#### [WHAT THIS TASK INVOLVES]
From the records below, please repeat exactly the line that has "man's hand opening window to cityscape", the line that has "the master bedroom", and every line between them, and nothing else.

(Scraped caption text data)
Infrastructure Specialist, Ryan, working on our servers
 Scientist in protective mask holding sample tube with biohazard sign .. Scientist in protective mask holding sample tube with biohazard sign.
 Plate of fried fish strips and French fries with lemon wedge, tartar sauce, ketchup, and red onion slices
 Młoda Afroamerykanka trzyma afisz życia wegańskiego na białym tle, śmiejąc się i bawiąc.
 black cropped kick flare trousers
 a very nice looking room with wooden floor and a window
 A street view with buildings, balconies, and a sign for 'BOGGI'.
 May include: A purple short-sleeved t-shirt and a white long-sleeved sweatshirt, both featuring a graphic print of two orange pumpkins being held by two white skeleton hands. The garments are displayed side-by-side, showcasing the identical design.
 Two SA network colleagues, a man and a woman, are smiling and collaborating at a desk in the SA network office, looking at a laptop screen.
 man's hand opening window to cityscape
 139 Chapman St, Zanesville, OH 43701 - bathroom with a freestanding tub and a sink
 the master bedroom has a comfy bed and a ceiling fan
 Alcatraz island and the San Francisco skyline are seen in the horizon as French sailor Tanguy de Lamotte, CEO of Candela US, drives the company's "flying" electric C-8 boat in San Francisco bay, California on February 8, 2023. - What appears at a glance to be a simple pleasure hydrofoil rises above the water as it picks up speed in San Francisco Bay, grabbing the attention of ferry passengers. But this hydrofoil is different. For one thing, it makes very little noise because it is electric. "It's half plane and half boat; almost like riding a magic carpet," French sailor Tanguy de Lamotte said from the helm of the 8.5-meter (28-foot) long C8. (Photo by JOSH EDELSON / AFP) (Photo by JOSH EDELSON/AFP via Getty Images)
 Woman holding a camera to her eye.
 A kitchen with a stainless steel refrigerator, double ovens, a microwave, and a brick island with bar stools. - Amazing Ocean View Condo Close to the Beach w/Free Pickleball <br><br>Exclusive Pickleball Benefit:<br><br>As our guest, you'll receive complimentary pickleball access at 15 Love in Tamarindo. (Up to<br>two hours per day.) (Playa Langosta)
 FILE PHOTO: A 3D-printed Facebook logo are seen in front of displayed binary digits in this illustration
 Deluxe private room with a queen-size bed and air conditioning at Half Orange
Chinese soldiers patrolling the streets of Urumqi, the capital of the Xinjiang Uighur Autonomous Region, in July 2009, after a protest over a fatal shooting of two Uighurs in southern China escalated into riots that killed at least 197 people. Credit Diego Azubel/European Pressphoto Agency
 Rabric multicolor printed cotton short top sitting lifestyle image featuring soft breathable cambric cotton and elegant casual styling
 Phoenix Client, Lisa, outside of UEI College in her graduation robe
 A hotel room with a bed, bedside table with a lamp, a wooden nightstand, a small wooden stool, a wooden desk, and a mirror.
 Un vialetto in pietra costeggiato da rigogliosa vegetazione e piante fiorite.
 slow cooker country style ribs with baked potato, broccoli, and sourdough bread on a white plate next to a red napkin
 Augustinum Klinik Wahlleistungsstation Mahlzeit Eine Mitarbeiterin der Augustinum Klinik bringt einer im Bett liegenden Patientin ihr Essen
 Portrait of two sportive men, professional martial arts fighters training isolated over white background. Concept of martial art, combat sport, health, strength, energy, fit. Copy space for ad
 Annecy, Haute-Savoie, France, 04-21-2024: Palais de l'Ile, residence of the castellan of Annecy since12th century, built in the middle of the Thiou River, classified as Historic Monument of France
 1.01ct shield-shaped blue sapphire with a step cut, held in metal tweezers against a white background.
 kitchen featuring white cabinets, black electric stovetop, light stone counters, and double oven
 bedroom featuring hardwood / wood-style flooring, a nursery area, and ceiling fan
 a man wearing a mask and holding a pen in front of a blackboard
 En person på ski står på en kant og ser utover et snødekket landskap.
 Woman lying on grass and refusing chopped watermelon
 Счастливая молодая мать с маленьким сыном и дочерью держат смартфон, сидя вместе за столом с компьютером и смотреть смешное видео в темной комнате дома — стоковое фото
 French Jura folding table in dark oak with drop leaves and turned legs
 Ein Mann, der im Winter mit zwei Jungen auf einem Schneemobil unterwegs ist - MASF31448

#### [RESULT OF THIS EXERCISE]
 man's hand opening window to cityscape
 139 Chapman St, Zanesville, OH 43701 - bathroom with a freestanding tub and a sink
 the master bedroom has a comfy bed and a ceiling fan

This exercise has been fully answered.